Reviews

The Painted Rocks at Revolver Creek

Signature Theatre presents a world premiere from Athol Fugard.

Sahr Ngaujah and Bianca Amato star in The Painted Rocks at Revolver Creek, written and directed by Athol Fugard, at Signature Theatre.
Sahr Ngaujah and Bianca Amato star in The Painted Rocks at Revolver Creek, written and directed by Athol Fugard, at Signature Theatre.
(© Joan Marcus)

No playwright has done more to publicize the injustices of apartheid South Africa than Athol Fugard. Plays like "Master Harold"…and the Boys and The Island received international acclaim while facing censorship in Fugard's home country. Since the end of apartheid, Fugard's plays have been more personal than political. His latest, The Painted Rocks at Revolver Creek (now making its world premiere at Signature Theatre), represents a return to politics, specifically a reckoning with lingering inequalities and the rule of law in modern South Africa. The result is as insightful as those earlier works, with an added layer of nuance that can only come from a seasoned dramatist like the 82-year-old Fugard.

The play is inspired by the rock garden created by artist Nukain Mabusa in Revolver Creek, a sleepy backwater in the eastern province of Mpumalanga. Between his duties as a farm laborer, Mabusa painted over a hundred rocks in colorful and complex patterns on land owned by his white employer. Sadly, much of the work is now lost to weather damage.

It's 1981 and Nukain (Leon Addison Brown) is contemplating his own mortality as he begins to paint his last and largest rock. Like a South African Bob Ross, he creates while telling his life story to his young helper (Caleb McLaughlin), whom everyone calls Bokkie (Afrikaans for "small buck"). Featuring a human figure walking the difficult roads of apartheid South Africa, this final painting is a huge departure from Nukain's previous work, which was mostly non-representative patterns or "flowers," as Nukain calls them. Elmarie (Bianca Amato), the wife of the farm's owner, notices this when she arrives bearing a plate of food for Nukain. She doesn't like this new direction.

"Why don't you wipe all that away…and make it a big flower, your biggest flower…to thank the Lord for all his blessings," she suggests. With a perfect Afrikaner accent, Amato conveys the insidious manner in which ostensibly nice white South Africans maintained the apartheid system.
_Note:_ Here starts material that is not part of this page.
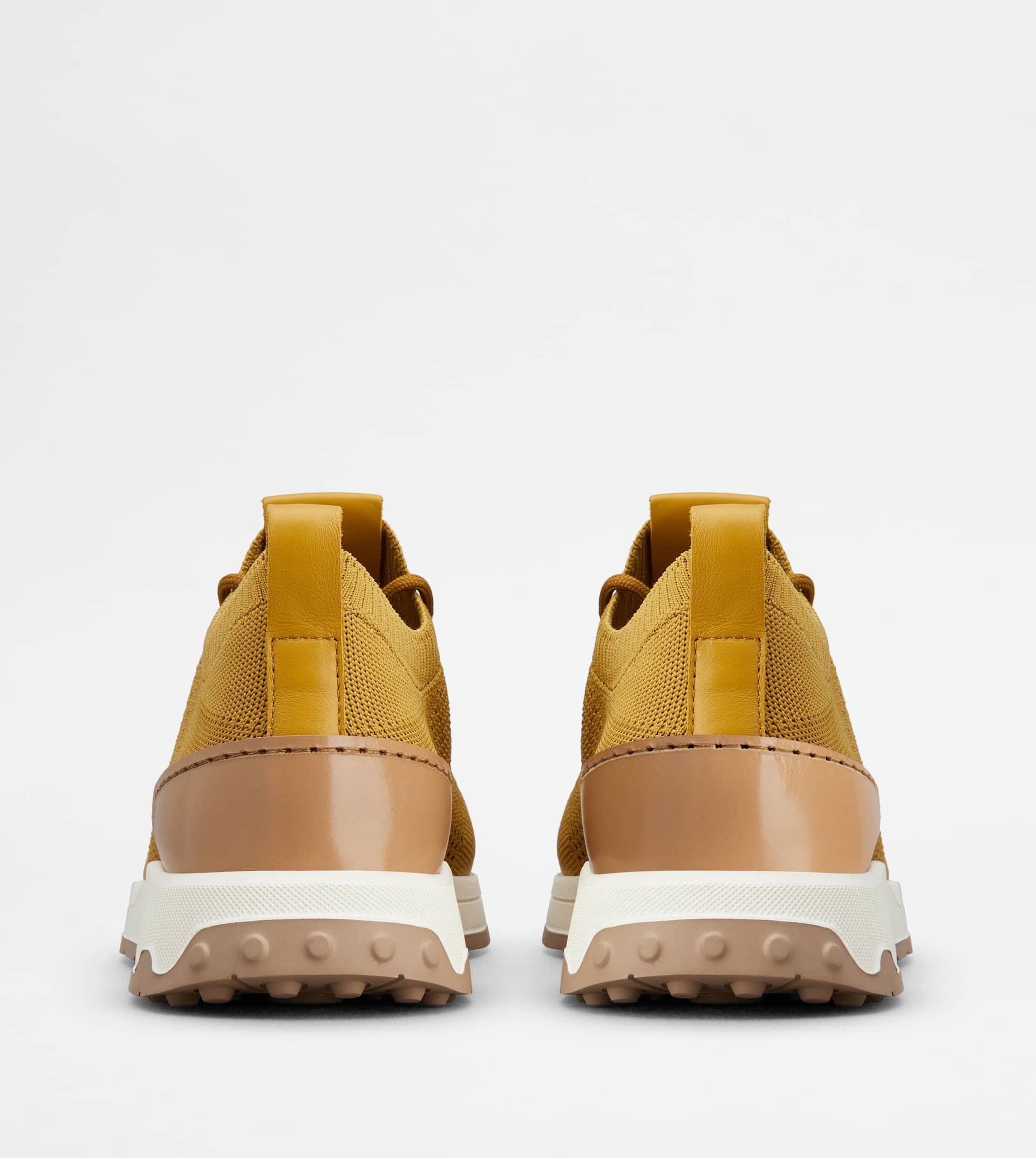 SOCK SNEAKERS IN TECHNICAL FABRIC AND LEATHER - YELLOW - 2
It's a soft oppression served with baked goods and a smile. "If you ask me, it's the parents who are to blame for what happened up there," she reflects upon the Soweto Uprising, an event that will presage the end of apartheid, opining, "If those fathers had taken off their belts and given those schoolchildren a good hiding, none of that would have happened." In this moment it's hard not to think of Toya Graham, the Baltimore mother who was widely lauded for physically disciplining her brick-wielding son in front of the TV cameras during the unrest in that city.

Amato gives an incredible performance, aging two decades for the second act in which a grownup Bokkie, who now goes by the name Jonathan Sejake (Sahr Ngaujah), returns to the farm to restore Nukain's rapidly vanishing final work. Costume designer Susan Hilferty outfits him in slacks, a white collared shirt, and a preppy tie (the uniform of the upwardly mobile, black middle class). Elmarie greets this well-dressed intruder with a gun, shaking with fear and rage as she points it at Jonathan's head. This bunkered Boer's fear comes from a real place: Seven of her white neighbors have been murdered in the past month and the new majority-black government doesn't seem to be doing anything to stop it.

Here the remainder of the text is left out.